* [Work task]:
Go through the records below and set each one down exactly, leaving out any pictures.

================================

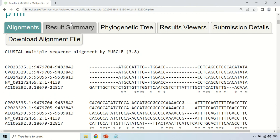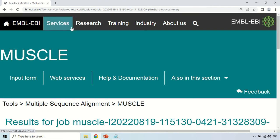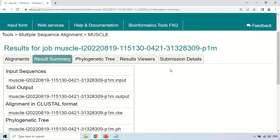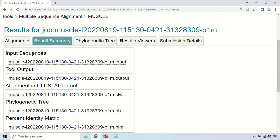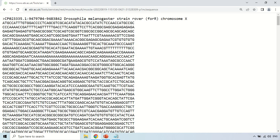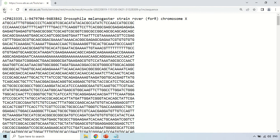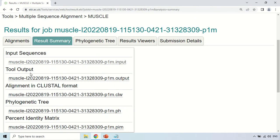Now, under the Result Summary tab, if you click here, you will find the result summary. Under the Result Summary, you can see the input section — these are the input sequences. If you click there, you will see the sequences which you gave to the tool for performing multiple sequence alignment. Under output, it will show you the alignment results in ClustalW format.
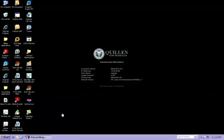Hi everyone, and welcome to the Quillen Physicians webinar on logging into Allscripts. Logging into Allscripts is a two-step process, as we have to log into the server first, and then into the Allscripts application.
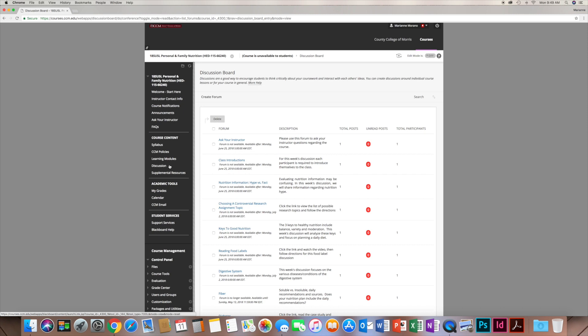Every week, depending on the chapter, discussions will correlate with the material and include information beyond the lecture that helps bring everything together. I respond to all discussion posts, read them all, and take them very seriously. Each week a discussion opens on Monday morning at 6 a.m. and closes on Sunday evening at 11:59 p.m. You'll post a primary response — your response to the discussion prompt — due by Wednesday evening of every week.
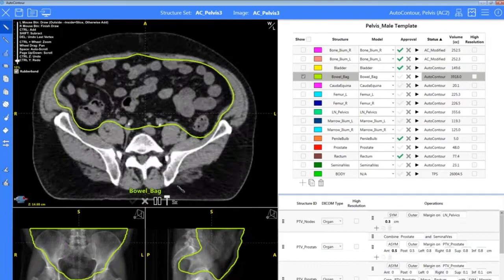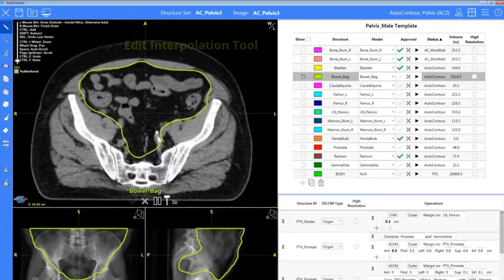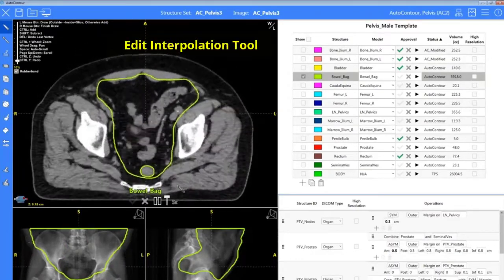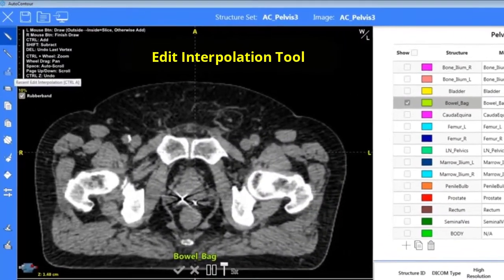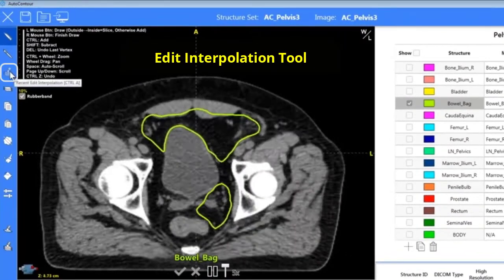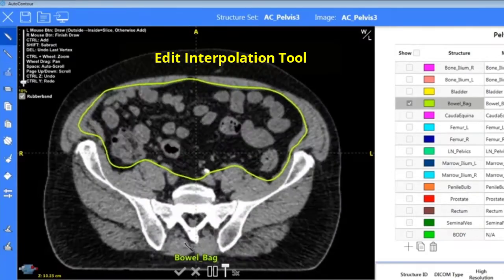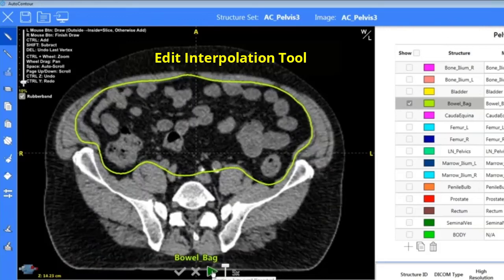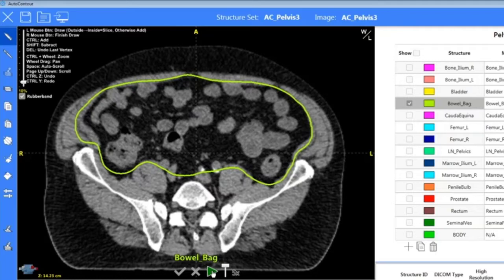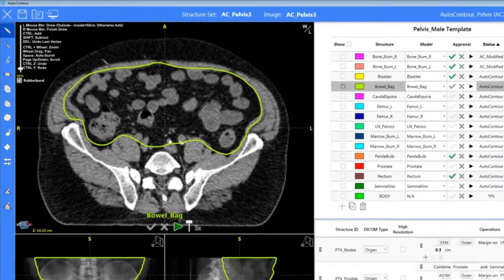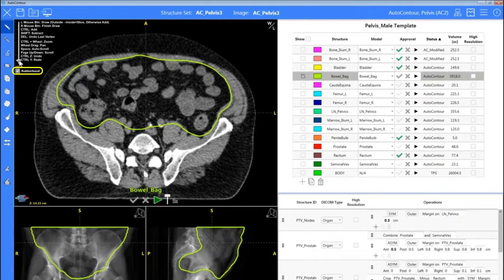Bowel is one that I think is a great use for my absolute favorite tool in auto contour — recent edit interpolation. If you find yourself having to make changes on a structure for any reason, you do not have to make those changes on every slice. This will keep track of every few slices and interpolate those changes. I have my structure selected and I'll use the rubber band tool to widen it a bit.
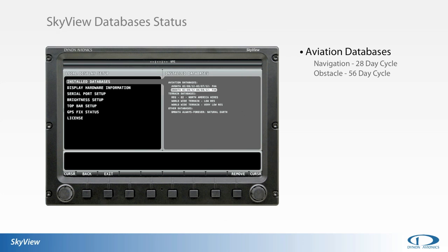The data is sourced from the FAA and is provided to Dynon Skyview customers free of charge. The navigation data is updated on a 28-day cycle while the obstacle data is updated every 56 days. Customers outside the U.S. can subscribe to Jeppesen or PocketFMS to receive data for their region. More information on these options is available under the support section at dynonavionics.com.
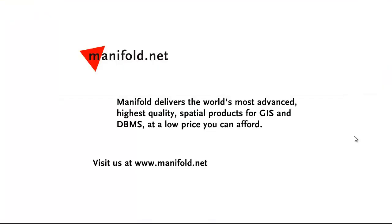Well, that was fun. If you want to see more, visit us at www.manifold.net. As always, Manifold delivers the world's most advanced, highest quality spatial products for GIS and DBMS at a low price that you can afford. Once again, that's www.manifold.net. See you soon.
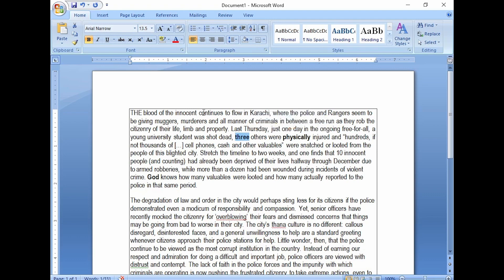The next thing we are going to talk about is the third way in Microsoft Word. I have simply highlighted this text, and now you have to use a shortcut key. The shortcut key is Ctrl+B, or Command+B on Mac.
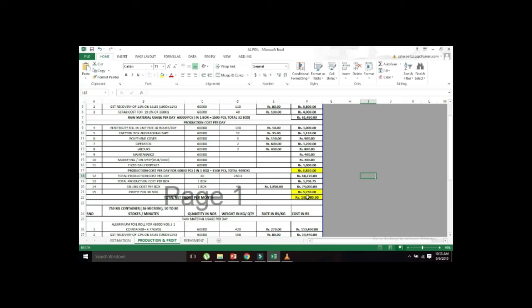Apple box costs approximately 70,000. Monthly profit is 90,000.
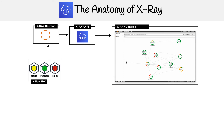The data is coming from the X-Ray SDK. Here we have Ruby, Python, and Node — though there are a lot more languages than just those. We'll talk about that later.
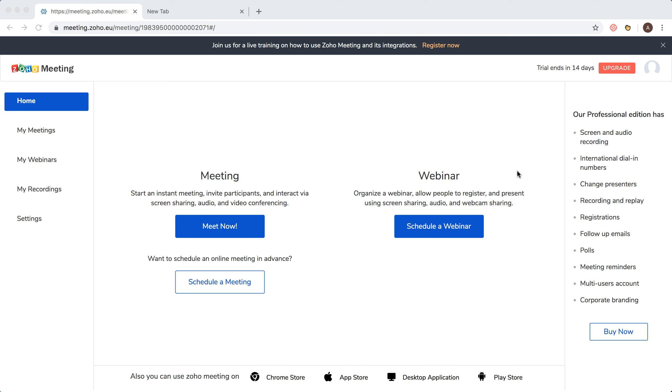Hello everyone. So how to change time zone in Zoho meeting? Here I am in the Zoho meeting dashboard.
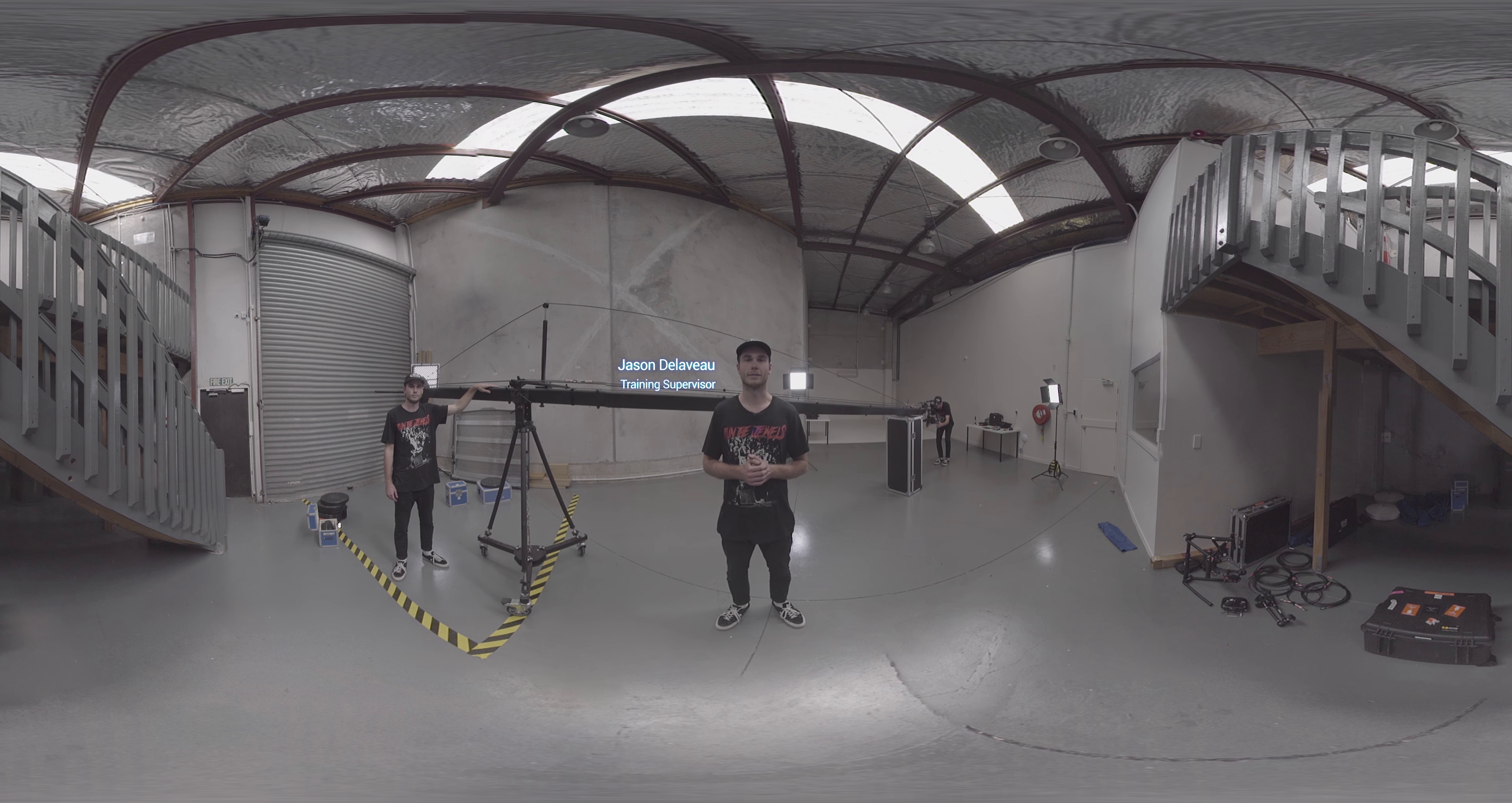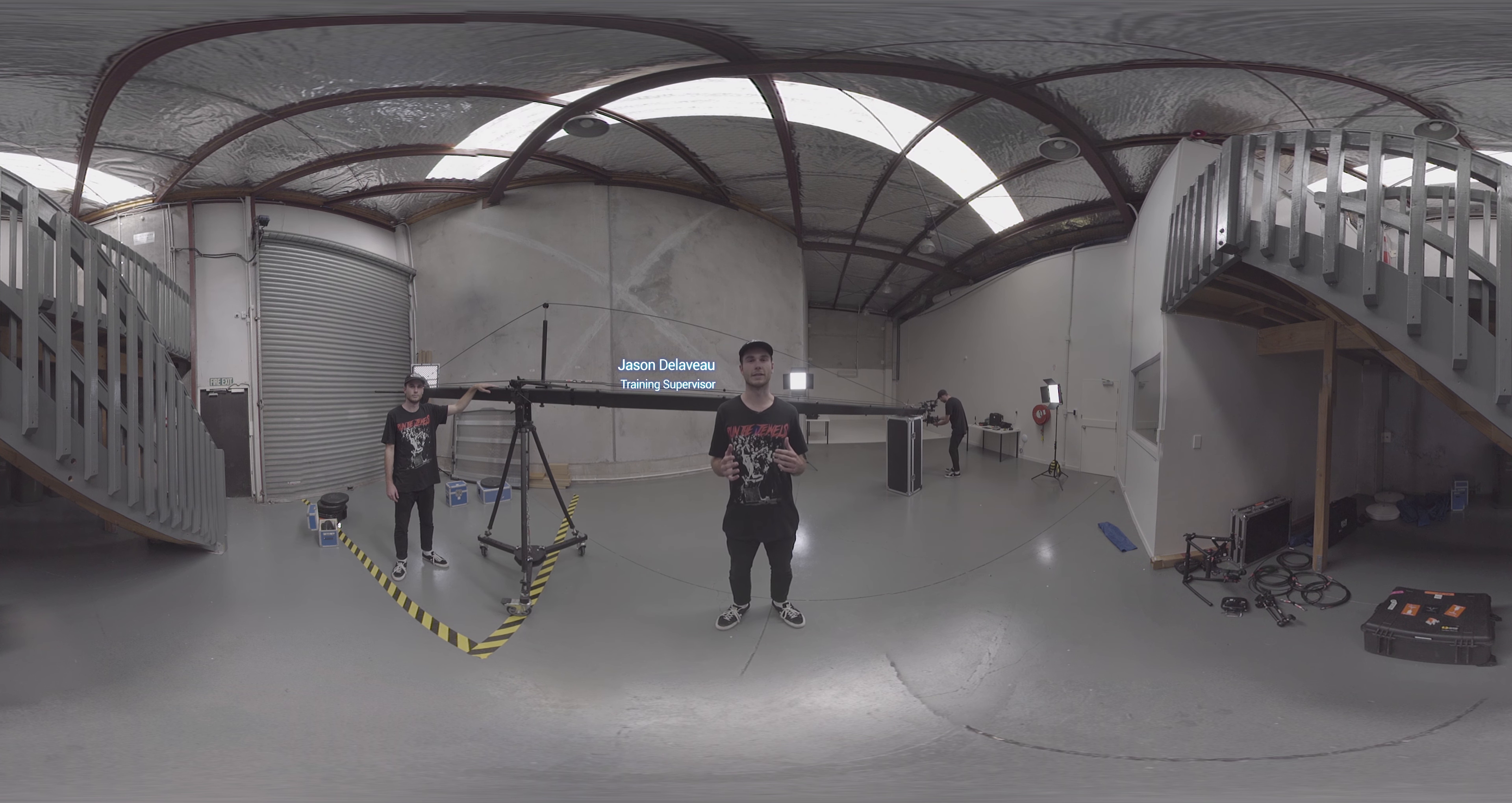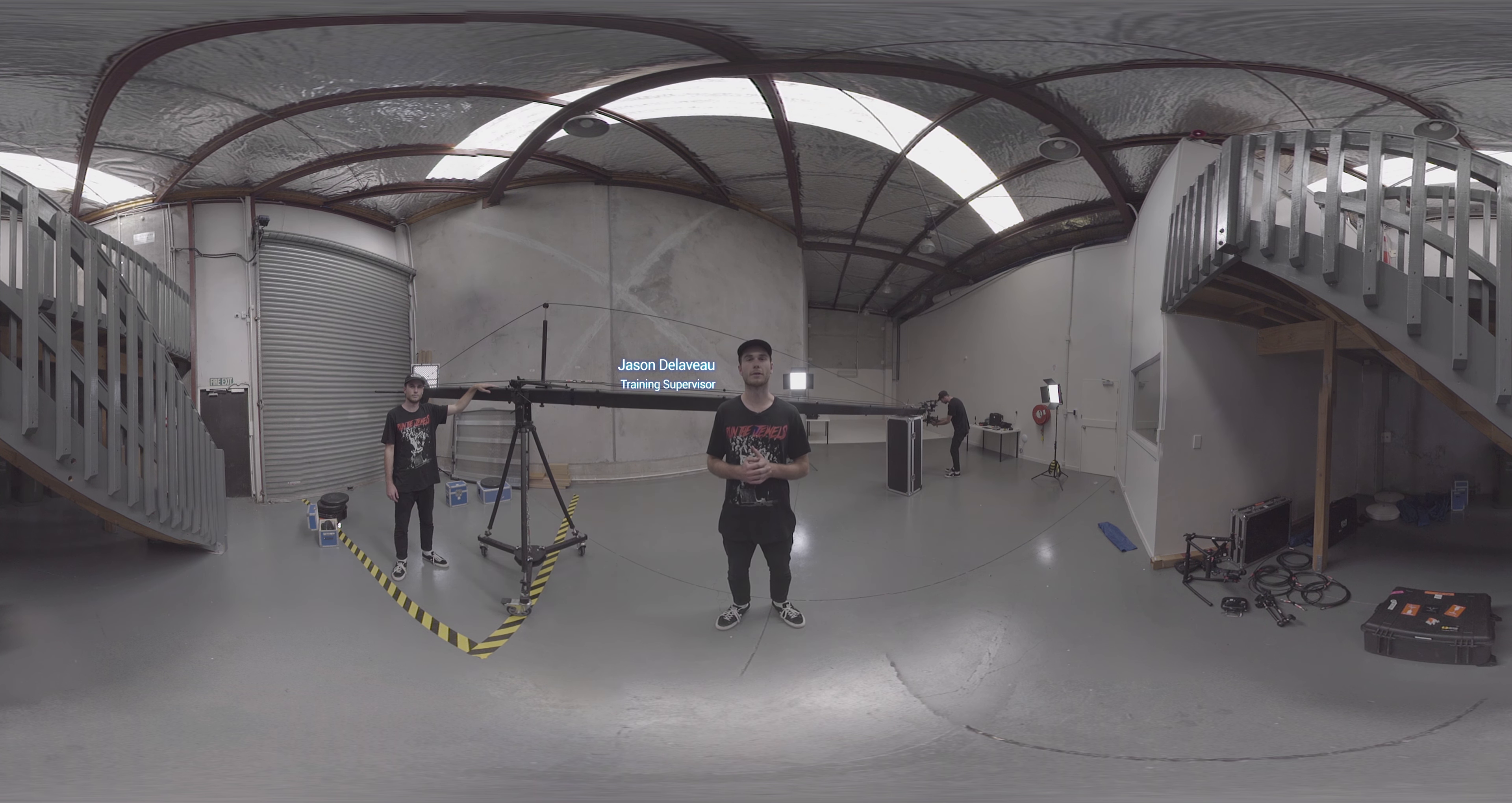Hey guys, it's Jason here. Today I'm going to show you how to safely rig a seven-meter jib arm. Jib arms are great for swooping and stabilized camera movements and can add some serious production value to your shoot.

================================

* [Exercise response]:
Now, under the Result Summary tab, if you click here, you will find the result summary. Under the Result Summary, you can see the input section — these are the input sequences. If you click there, you will see the sequences which you gave to the tool for performing multiple sequence alignment. Under output, it will show you the alignment results in ClustalW format.
Hi everyone, and welcome to the Quillen Physicians webinar on logging into Allscripts. Logging into Allscripts is a two-step process, as we have to log into the server first, and then into the Allscripts application.
Every week, depending on the chapter, discussions will correlate with the material and include information beyond the lecture that helps bring everything together. I respond to all discussion posts, read them all, and take them very seriously. Each week a discussion opens on Monday morning at 6 a.m. and closes on Sunday evening at 11:59 p.m. You'll post a primary response — your response to the discussion prompt — due by Wednesday evening of every week.
Bowel is one that I think is a great use for my absolute favorite tool in auto contour — recent edit interpolation. If you find yourself having to make changes on a structure for any reason, you do not have to make those changes on every slice. This will keep track of every few slices and interpolate those changes. I have my structure selected and I'll use the rubber band tool to widen it a bit.
The data is sourced from the FAA and is provided to Dynon Skyview customers free of charge. The navigation data is updated on a 28-day cycle while the obstacle data is updated every 56 days. Customers outside the U.S. can subscribe to Jeppesen or PocketFMS to receive data for their region. More information on these options is available under the support section at dynonavionics.com.
Well, that was fun. If you want to see more, visit us at www.manifold.net. As always, Manifold delivers the world's most advanced, highest quality spatial products for GIS and DBMS at a low price that you can afford. Once again, that's www.manifold.net. See you soon.
The next thing we are going to talk about is the third way in Microsoft Word. I have simply highlighted this text, and now you have to use a shortcut key. The shortcut key is Ctrl+B, or Command+B on Mac.
Apple box costs approximately 70,000. Monthly profit is 90,000.
The data is coming from the X-Ray SDK. Here we have Ruby, Python, and Node — though there are a lot more languages than just those. We'll talk about that later.
Hello everyone. So how to change time zone in Zoho meeting? Here I am in the Zoho meeting dashboard.
Hey guys, it's Jason here. Today I'm going to show you how to safely rig a seven-meter jib arm. Jib arms are great for swooping and stabilized camera movements and can add some serious production value to your shoot.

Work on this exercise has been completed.